§ About this task
Without changing a word, copy every line of the listing below and leave out the images.

§ Data in this exercise
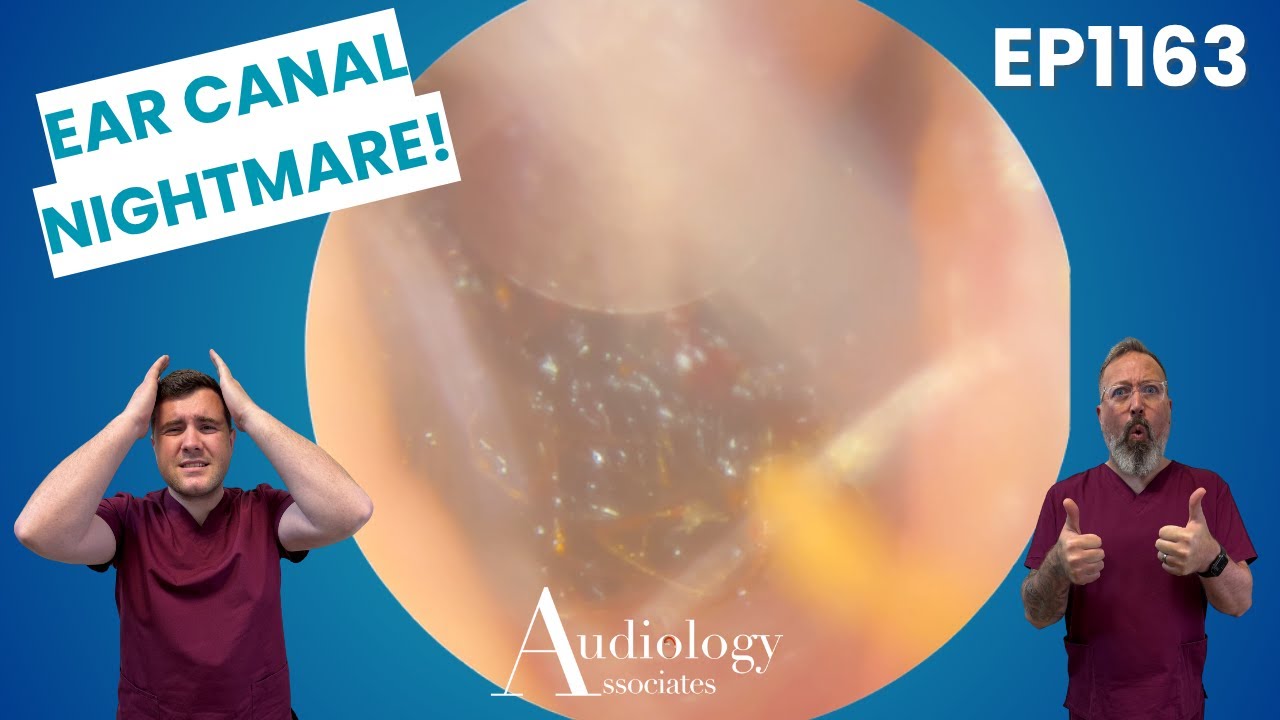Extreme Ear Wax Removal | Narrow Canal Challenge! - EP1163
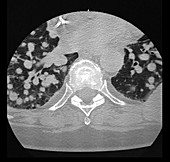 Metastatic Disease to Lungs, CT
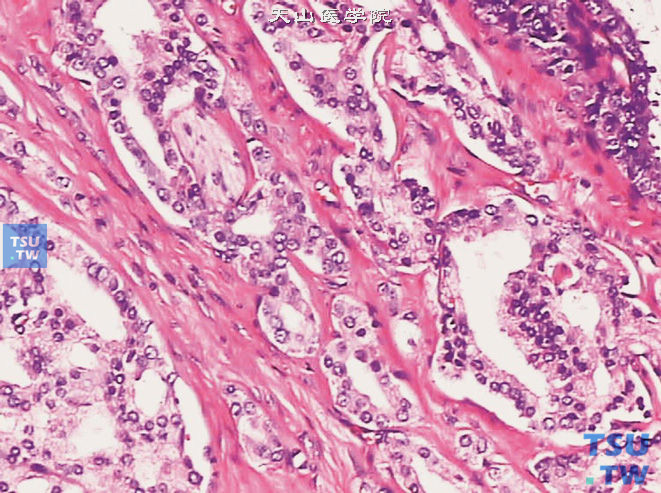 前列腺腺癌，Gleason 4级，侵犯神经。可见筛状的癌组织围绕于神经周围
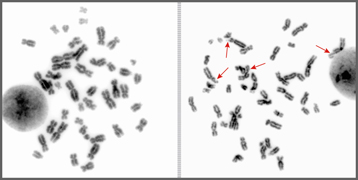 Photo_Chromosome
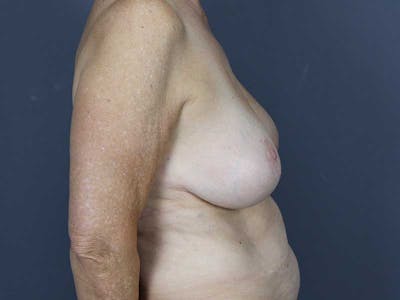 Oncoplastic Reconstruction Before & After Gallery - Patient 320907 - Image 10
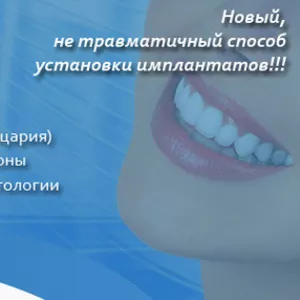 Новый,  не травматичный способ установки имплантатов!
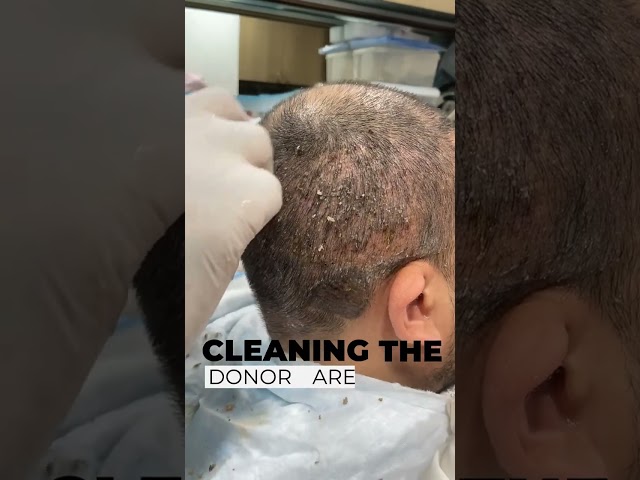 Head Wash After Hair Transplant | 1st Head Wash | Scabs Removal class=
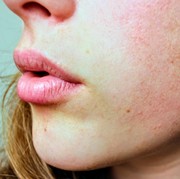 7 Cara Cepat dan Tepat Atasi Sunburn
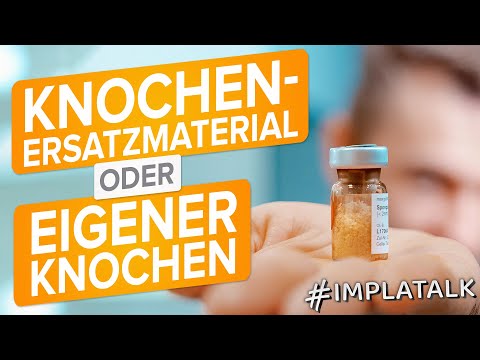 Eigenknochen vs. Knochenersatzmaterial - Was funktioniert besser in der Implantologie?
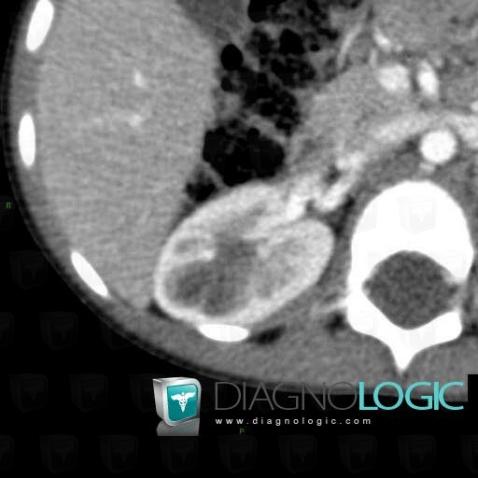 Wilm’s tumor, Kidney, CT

§ Your response
Extreme Ear Wax Removal | Narrow Canal Challenge! - EP1163
 Metastatic Disease to Lungs, CT
 前列腺腺癌，Gleason 4级，侵犯神经。可见筛状的癌组织围绕于神经周围
 Photo_Chromosome
 Oncoplastic Reconstruction Before & After Gallery - Patient 320907 - Image 10
 Новый,  не травматичный способ установки имплантатов!
 Head Wash After Hair Transplant | 1st Head Wash | Scabs Removal class=
 7 Cara Cepat dan Tepat Atasi Sunburn
 Eigenknochen vs. Knochenersatzmaterial - Was funktioniert besser in der Implantologie?
 Wilm’s tumor, Kidney, CT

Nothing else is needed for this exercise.